Même si Facebook ne cesse de la démentir, une improbable rumeur voulant que l'entreprise utilise le microphone des téléphones de ses utilisateurs pour capter leurs conversations en vue de mieux cibler ses publicités refuse de disparaître.

Le responsable de la publicité au sein de l'entreprise californienne, Rob Goldman, est revenu sur le sujet sur Twitter il y a quelques jours en relevant avec agacement que « ce n'est simplement pas vrai ».

Facebook avait dû intervenir une première fois à ce sujet en 2014 peu de temps après avoir lancé une option permettant à son application d'identifier une chanson ou une émission de télévision jouant à proximité de l'appareil utilisé en activant brièvement le micro.

Rien ne permet sérieusement de penser que l'entreprise enregistre les conversations des utilisateurs à leur insu. La rumeur est surtout intéressante parce qu'elle reflète le degré de suspicion auquel la firme et d'autres géants de Silicon Valley sont aujourd'hui confrontés.

Malgré leurs efforts des dernières années pour assurer une transparence accrue en matière de collecte et de gestion de données personnelles, les questions demeurent et les utilisateurs demandent des comptes.

Google, qui a longtemps scanné le contenu des courriels des adeptes de son service Gmail pour mieux cibler ses publicités, a annoncé cet été qu'elle entendait renoncer à cette pratique controversée. Le dépôt de poursuites et le lancement d'une campagne en ligne critiquant cette façon de faire l'ont poussé à agir.

Le coeur du modèle économique de Facebook et de Google est de dresser un portait élaboré des utilisateurs qui leur permet de cibler précisément les publicités. Leur donner carte blanche en matière de gestion de données personnelles ne serait pas très avisé.

La révolution numérique amène une multitude d'autres situations où des données sensibles sont générées, souvent à l'insu des personnes concernées.

Le commissaire à la protection de la vie privée du Canada, Daniel Therrien, s'est inquiété par exemple récemment du développement de voitures intelligentes capables de recueillir une foule de renseignements sur le comportement des conducteurs.

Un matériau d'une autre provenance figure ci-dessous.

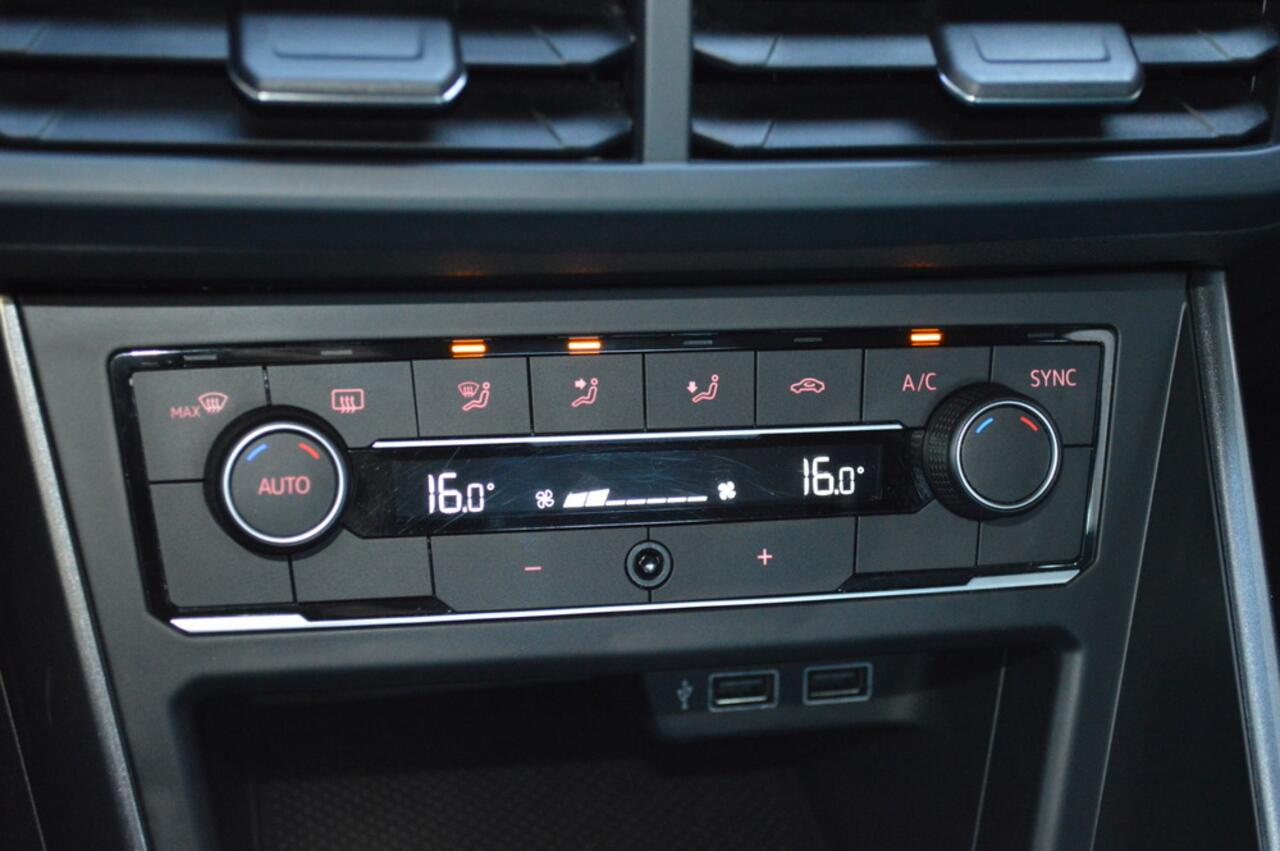 Volkswagen POLO 1.0 TSI Highline DSG Navi Acc CarPlay Pdc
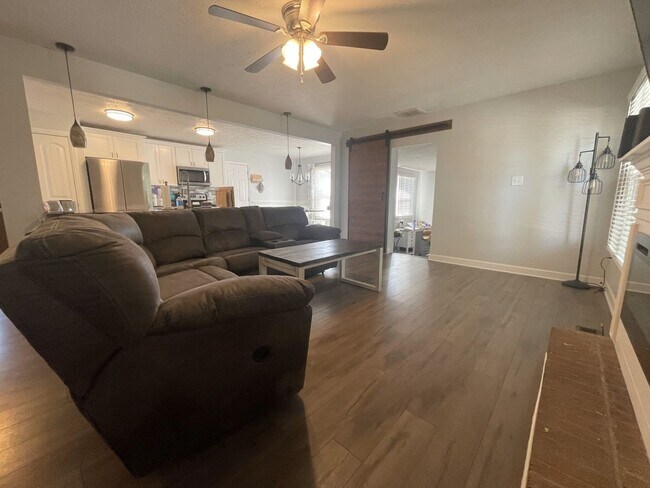 Foto del edificio - Beautifully Updated 3 Bed Home with Bonus ...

Il n'est pas étonnant dans le contexte actuel que 90 % des Canadiens se disent inquiets de leur capacité à protéger leur vie privée.

La crainte est amplifiée par l'inadéquation des mécanismes de contrôle en place, qui datent d'une autre époque.

« C'est comme si on essayait de réguler la circulation sur l'autoroute en utilisant des règles s'appliquant aux calèches », résume Pierre Trudel, spécialiste du droit des technologies de l'information rattaché à l'Université de Montréal.

Les autorités ne peuvent se contenter de miser sur la capacité des citoyens de consentir ou non aux pratiques des entreprises en matière de gestion de données personnelles. 

Les documents résumant pour approbation les critères d'utilisation sont souvent d'une longueur et d'une complexité absurdes et la tâche devient impossible à gérer individuellement à mesure que les applications se multiplient.

La création d'une instance régulatrice avec du véritable mordant, capable de fixer des balises claires, de demander des comptes aux entreprises et de sévir au besoin semble une avenue plus porteuse.

L'idée fait écho à une récente intervention de M. Therrien, qui réclame le pouvoir de rendre des ordonnances et d'imposer des sanctions administratives pour réguler l'industrie, comme le prévoit la législation européenne.

Le gouvernement ferait bien de prendre acte de cette demande, qui marquerait un pas dans la bonne direction, et de la nécessité d'agir énergiquement pour mieux protéger la population.

Les données à protéger sont personnelles, mais la réponse requise est collective.